Michael Ward, who coached last year's girls' team alongside Craig Hess, has selected Cohn and Davis Fansler to help oversee this year's Under-19 girls Lizard Head hockey team. Cohn will be in charge of getting the team disciplined and in top athletic shape, while Fansler will help with tactical aspects of the game.
Ward, whose daughter Madison is on the team, said many of the girls have been playing since they were ages 7-8, but there are also some newer members to the sport.
"Right now we're working at getting the newer girls in touch with the game, and the more experienced girls are helping with that," Ward said.
Two of the players on the team come from Montrose at least twice a week to practice.
Cohn, a 32-year Telluride resident who originally came from Detroit (an Avalanche fan, nonetheless), said he treats coaching girls just as he treated coaching boys.
"I believe that an athlete's an athlete," Cohn said. "I told them, I'm not going to coach you any differently than I coached the boys." It's all a matter of getting to the puck or defending correctly, or whatever it takes to play the best possible game.
Cohn did admit that there are certain differences between the girls' game and the boys' game. The girls have less physical contact, he said, and there's no checking allowed, as there is with the boys. Still, Cohn said, "There's a mental attitude that can be the same between the two of them. It's saying, 'I'm going to practice as hard as I can, and every time I'm going to give it 100 percent.'"
Fansler played hockey and coached both men's and women's teams in the mid-to-late 1970s while he was a student at the University of Vermont. Fansler, whose daughter Maddie is on the U-19 team, decided he wanted to contribute to the girls' hockey team.
Fansler also has two sons who went through the hockey program in Telluride. He coached boys' hockey for a year after his younger son, now occasionally playing club hockey at Duke University, graduated from high school.
Fansler said coaching girls' hockey is different than coaching boys' hockey because the boys he has coached generally had more experience.
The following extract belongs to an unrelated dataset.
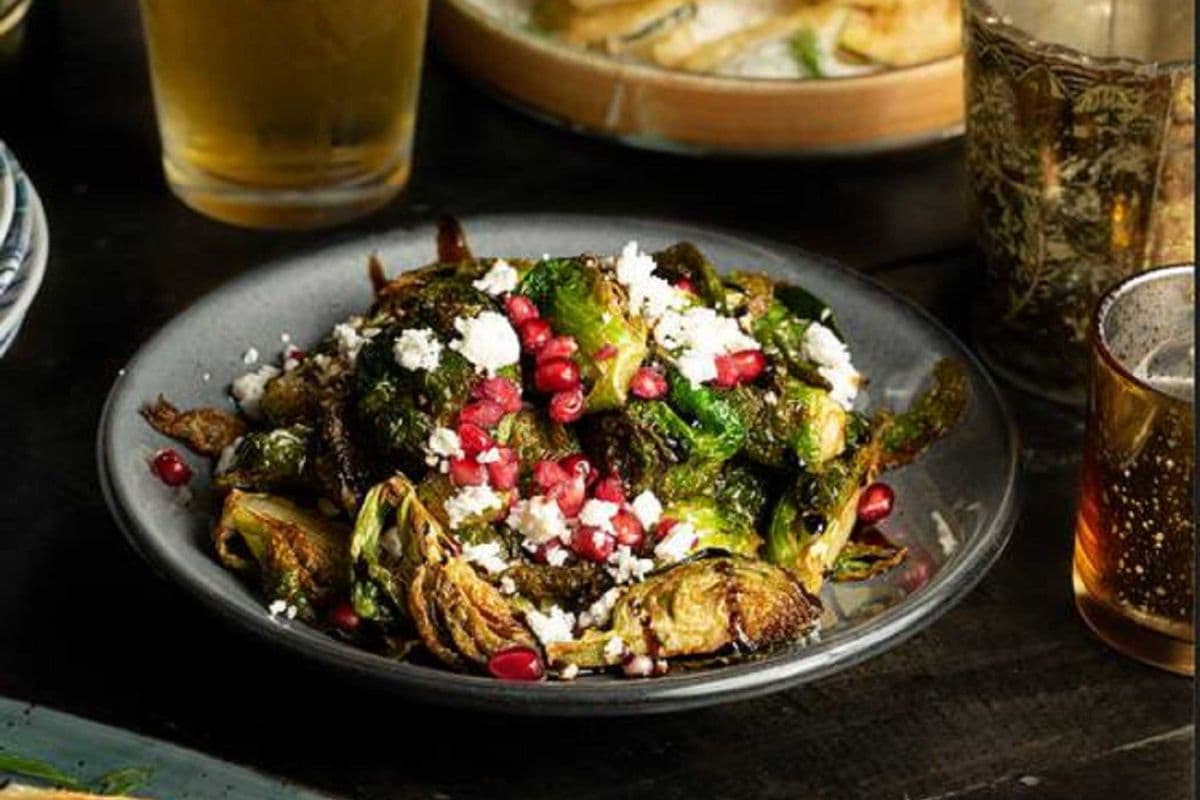 Brussels Sprouts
"It's about understanding the fundamentals, how to properly shoot the puck," Fansler said, but pointed out that lack of experience is not a negative thing. "I find, anyway, that as a result the girls are more attentive."
Fansler said Telluride's U-19 team has "some pretty good skaters and some pretty good quickness." He hopes by mastering the fundamentals of the game and maintaining an effective playing style they will set themselves apart from other teams.
While Cohn had not coached girls' hockey before this year, he said he was already familiar with most of the girls and how they play. Last year he watched a girls' game in Colorado Springs, where Telluride played a team with bigger, stronger players.
"We showed tremendous courage," he said, explaining that the girls were pummeled both on the scoreboard and on the ice, but continued to put forth the effort to compete.
Hearing that the girls participate in dry land training to stay in shape off the ice, Cohn was impressed by the team's work ethic and determination to improve their game.
Fansler noted that this year the Mountain States Girls Hockey League has set up schedules so that teams will face opponents on their playing level.
The Lizard Head girls will have a glimpse of professional hockey in late January, the same weekend they play a game against Colorado Springs. The team will see a Colorado Avalanche game against the Phoenix Coyotes on Jan. 26 in Denver.
"Women's hockey is the fastest growing segment of USA hockey," said Cohen.